Didier Eribon weiß es: Wir lesen in einer politischen Welt. Und auch Romane können Theorien über diese Welt enthalten, implizit oder gar explizit; Theorien, die uns die Welt mit anderen Augen betrachten, strukturieren lassen. In seinem Bestseller „Rückkehr nach Reims“ (deutsch in 2016, aber französisch schon 2009) hatte Eribon, Philosophieprofessor im französischen Amiens, ja selbst autobiographische, aber geradezu romanhaft aufgeschriebene Episoden verwendet, um eine soziologische Theorie zu entwickeln, die Klassenunterschiede, soziale Scham, Homophobie, Frauenfeindlichkeit und Rechtsruck zusammendachte.

Nach „Gesellschaft als Urteil“ (dt. 2017, fr. 2013) ist nun abermals eine Rückkehr nicht nach Reims, aber zu Eribon möglich: mit seinem jüngst auf deutsch erschienenen 88-seitigen Langessay „Theorien der Literatur“, der auf einem Vortrag an der Pariser Sorbonne 2012 beruht, doch vom Verfasser noch stark nachbearbeitet wurde.

Untertitel: „Geschlechtersystem und Geschlechtsurteile“. Er liefert Eribon für Fortgeschrittene, Meta-Eribon – mit Sätzen, die schon mal über anderthalb Seiten hinweg ausschweifen. Aber es lohnt sich! Man erfährt zwar diesmal nichts über Eribons Privatleben, aber egal, dafür: sehr viel über sein Literaturverständnis.

Ausgehend bei Lektüren von (wenn auch leider nur weiß-männlich-französischen) Homo-Klassikern, vor allem Marcel Prousts „Auf der Suche nach der verlorenen Zeit“ (1913-1927“ und Jean Genets „Das Wunder der Rose“ (1946), untermauert Eribon seine These, dass in Romanen, zumal in autofiktional gefärbten, ein Wissen über die Welt enthalten sei, das von keiner akademisch-empirischen Soziologie ersetzt werden könnte – aber andererseits für soziologische Überlegungen fruchtbar gemacht werden könne. Eine starke Position, auch für die aktuelle Debatte um den Wert von Identitätspolitik.
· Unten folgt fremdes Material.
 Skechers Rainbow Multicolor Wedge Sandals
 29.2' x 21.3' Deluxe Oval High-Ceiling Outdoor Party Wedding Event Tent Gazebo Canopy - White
Didier Eribon: „Theorien der Literatur. Geschlechtersystem und Geschlechtsurteile“, Passagen Verlag, Wien 2019, 88 Seiten, 11 €

An Proust fasziniert Eribon vor allem, dass von der Proust’schen Theorie der Homosexualität gar nicht die Rede sein, könne, da Proust an zentralen Stellen der „Recherche“ mehrere Theorien der Homosexualität miteinander konkurrieren lasse, kollidieren gar: etwa die vom (heterosexuellen) Erzähler Marcel (nicht zu verwechseln mit dem real existierenden schwulen Autor Marcel Proust) geäußerte, übrigens inspiriert vom Berliner Sexualwissenschaftlicher Magnus Hirschfeld, einerseits; mit der des schwulen Baron de Charlus andererseits.

Der Roman als Theorieschlachtfeld, das zur Reflexion stimuliert. So spannt Eribon den Bogen zu Foucault, Deleuze, de Beauvoir, Butler et cetera. Auch wenn Eribon hier auf das Thema Queerness in der Literatur fokussiert, sind seine Überlegungen doch prinzipiell auf andere Themenfelder übertragbar. So gesehen ist der etwas großspurige Titel „Theorien der Literatur“ nicht mal überheblich.